Dans le fond, on ressent un travail d’écriture, malheureusement quelque peu superficiel lorsqu’il s’agit de convoquer ses compétences de réalisations. Juliette Binoche ldonne le ton à son peronnage ainsi que le corps et l’esprit, tantôt désemparée, mais lorsqu’il s’agira d’assumer ce que son rôle construit, elle entrera en contradiction avec ses sentiments. Il s’agit d’une précieuse fable à la frontière de la fiction et de la réalité. Carrère ne s’en écartera pas une seule fois, bien qu’il s’autorise quelques initiatives bienvenues et pas assez développées toutefois .
Cela étant, , tout le monde s’attend évidemment à faire face au point de rupture, où la vérité éclate.
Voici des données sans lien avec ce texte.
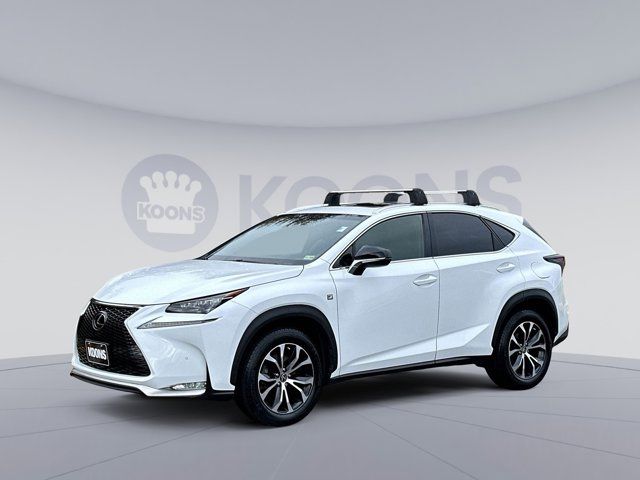 2017 Lexus NX Turbo F Sport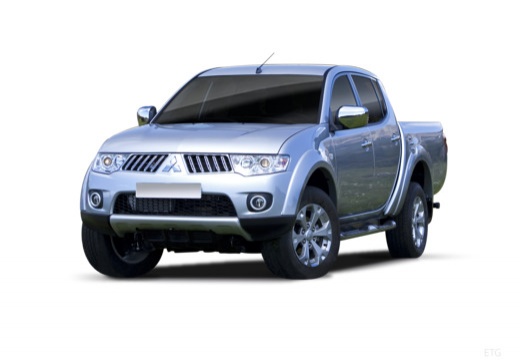 MITSUBISHI L 200 III pickup niebieski jasny przedni lewy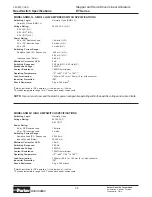 Preview for 28 page of Parker ET Series Maintenance Instructions & Parts List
La seule question reste donc de savoir comment l’avant et l’après communiquent. En se faisant embaucher comme femme de ménage, elle finit par en tutoyer d’autres, qui ne sont pas là pour prendre des notes et qui n’auront certainement pas plus le temps d’aller se baigner à la plage sur un coup de tête !
Son parcours interroge sur ce faux libre-arbitre, car les contraintes se multiplient à raison, dans un environnement où l’écrivaine parisienne se surprendra à rester solide mentalement et physiquement. Mais sans partager la même hargne ou les fantasmes de ses collègues de fortune, elle finit par s’échouer à Caen et sur le port de « Ouistreham ». La moralité devient alors le sujet et l’enjeu d’une contre-vérité, où l’infiltrée s’est finalement trop attachée aux personnages de Léa Carne et surtout d’Hélène Lambert, incarnées avec une folle authenticité.
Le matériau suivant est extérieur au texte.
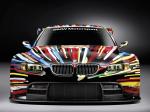 BMW M3 GT2 Art Car by Jeff Koons 2010 года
Ce qui aurait pu être une approche journalistique sur l’impossible cohabitation entre deux classes sociales se confirme. L’essence de « Ouistreham », qui oppose la comédienne professionnelle à d’autres non-professionnelles, témoigne de cette dynamique. On aura beau nous montrer et nous raconter, ô combien, la situation précaire de ces jeunes, mères ou simplement célibataires, s’assimile à une dérive sur une barque qui ne possède pas de gouvernail. Il reste des portes de sortie intéressantes qui laisseront tout de même quelques traces de solidarités sincères, que ce soit dans le témoignage du labeur ou des relations naissantes.